Стоял август, душный и жаркий. Наступило время сбора урожая, смерды вовсю трудились на полях, убирая хлеба. По сельским дорогам, поднимая пыль, катились возы, груженные золотистыми пшеничными снопами и тугими вязанками скошенного льна.
Дубовый княжеский терем, возвышаясь на склоне Боровицкого холма, был облит розоватым сиянием клонившегося к закату солнца. В распахнутые окна теремного покоя врывался теплый ветерок, напоенный ароматом яблоневой листвы. Из сада долетал птичий щебет.
За столом сидели двое: Дмитрий и Владимир.
Дмитрий быстро пробегал глазами текст перемирной грамоты, развернув широкий бумажный свиток. По лицу Дмитрия было видно, что новый договор с Ольгердом устраивает его во всех отношениях.
— Дивлюсь я, брат, как это тебе удалось убедить литовских послов принять такие невыгодные для Ольгерда условия перемирия, — промолвил Дмитрий, дочитав грамоту до конца. Он с улыбкой взглянул на Владимира. — Ты же этим договором связал руки Ольгерду. Мало того, этот договор неизбежно настроит против Ольгерда Михаила Александровича. Ведь тут сказано, что тверской князь обязан до зимы отозвать своих наместников из поволжских городов. — Дмитрий ткнул пальцем в текст договора. Затем он процитировал вслух: — «А ежели воеводы тверские по доброй воле не уедут из великокняжеских волостей, то московский князь имеет право изгнать их силой. Ежели в сроки перемирия между Литвой и Москвой Михаил Александрович опять станет грабить владения великокняжеские, то рать московская будет вправе выступить на него. Князь же Ольгерд и брат его Кейстут не должны вступаться за тверского князя».
Сворачивая грамоту в тугую трубку, Дмитрий вновь осыпал похвалами Владимира.
— Моей особой заслуги в этом деле нет, говоря по чести, — сказал Владимир, отхлебнув душистого квасу из медного кубка. — Митрополит Алексей составлял сей договор, он же увещевал литовских послов принять все его условия.

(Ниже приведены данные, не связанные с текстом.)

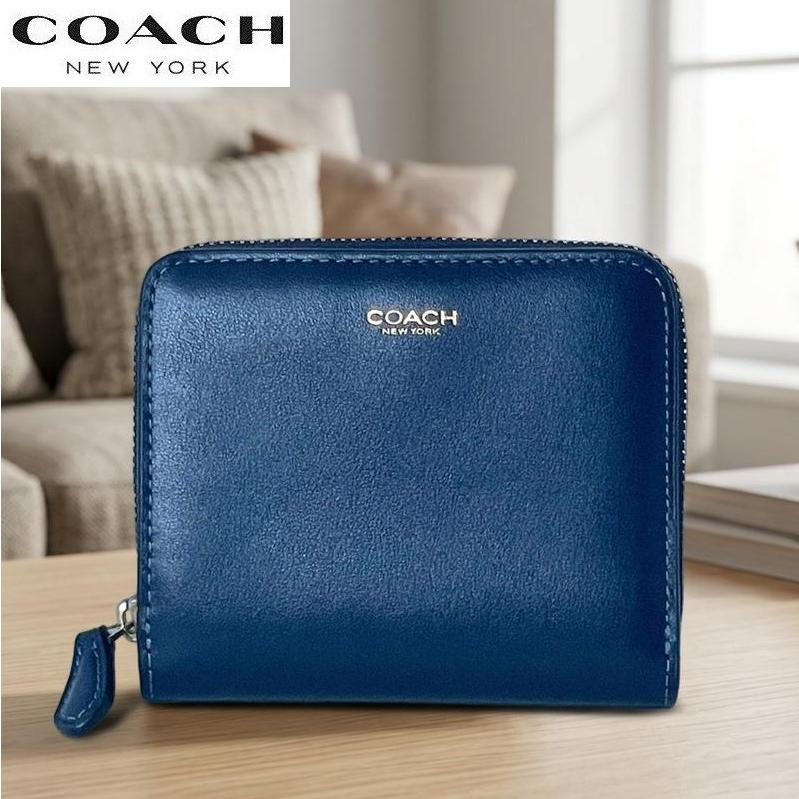 【新品・正規品】COACH ケース 財布 ネイビー COACH（コーチ） 二つ折り財布 2026新作 ミニ財布 レディース メンズ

Ты же знаешь, брат, владыка Алексей в красноречии вельми силен. Я сам чуть не ахнул, прочитав перемирную грамоту перед тем, как поставить в ней свою подпись.

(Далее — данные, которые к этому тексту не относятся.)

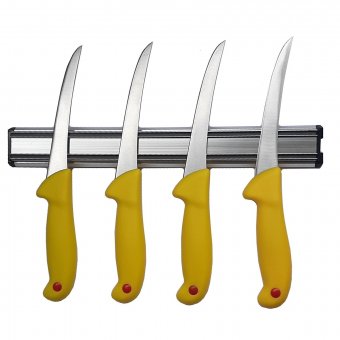 Set 4 cutite profesionale pentru transat, lama curbata, Gold, cu suport magnetic, otel inoxidabil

— Почто же грамота сия скреплена не моей княжеской печатью, а печатью митрополита? — спросил Дмитрий.
— Рассуди сам, брат, — после некоторого замешательства ответил Владимир. — Ты был в Орде, известий от тебя никаких не поступало. Литовцы выразили сомнение в том, что ты вернешься живым от Мамая, поэтому они не захотели видеть твою печать на договоре. Потому-то митрополит Алексей скрепил перемирную грамоту своей печатью.
— Что ж, мудрое решение, — заметил Дмитрий. — Как здоровье у владыки Алексея?

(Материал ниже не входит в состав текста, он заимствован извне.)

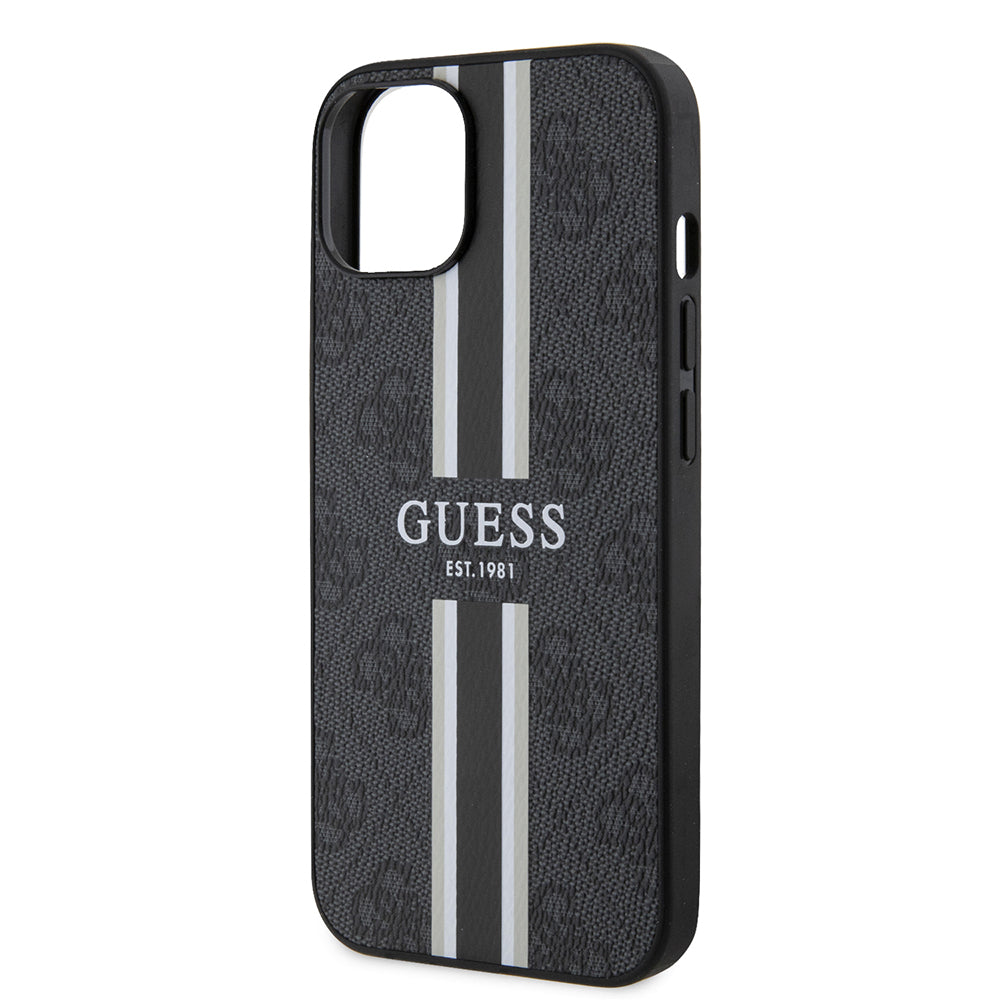Apple iPhone 14 Kılıf Guess Magsafe Şarj Özellikli Şerit Tasarımlı Kapak Siyah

— Неважно, — с печальным вздохом проговорил Владимир, — хвори его донимают. Ведь владыке уже далеко за семьдесят.
— То, что ты достойно встретил литовских послов и заключил с ними выгодное для нас перемирие, это весьма похвально, брат, — заговорил Дмитрий, поглядывая на Владимира и слегка качая головой. — Однако от женитьбы на дочери Ольгерда ты отказался зря. Родственные узы с Ольгердом нам в нынешнее время были бы весьма кстати.
— Кому это — нам? — хмуро поинтересовался Владимир.
Дмитрий удивленно приподнял брови:
— Тебе и мне. Кому же еще?
— Коль ты забыл, брат, так я тебе напомню, что Ольгерд дважды стоял со своей ратью под Москвой, — жестко произнес Владимир. — От тех литовских разорений немало сел близ Москвы впусте стоят. Во многих местах поля сорняками заросли, поскольку множество смердов литовцы в полон угнали. С Ольгердом воевать надо, а не в родственники к нему набиваться!
— Не всякие трудности сподручно мечом решать, брат, — назидательно обронил Дмитрий, наливая из кувшина холодного квасу в свою чашу. — Порой и хитрость применять нужно, и трезвый расчет. Вспомни-ка нашего деда Ивана Калиту. Он без сражений и походов казну свою обогатил и поднял Москву выше Твери, Рязани и Суздаля!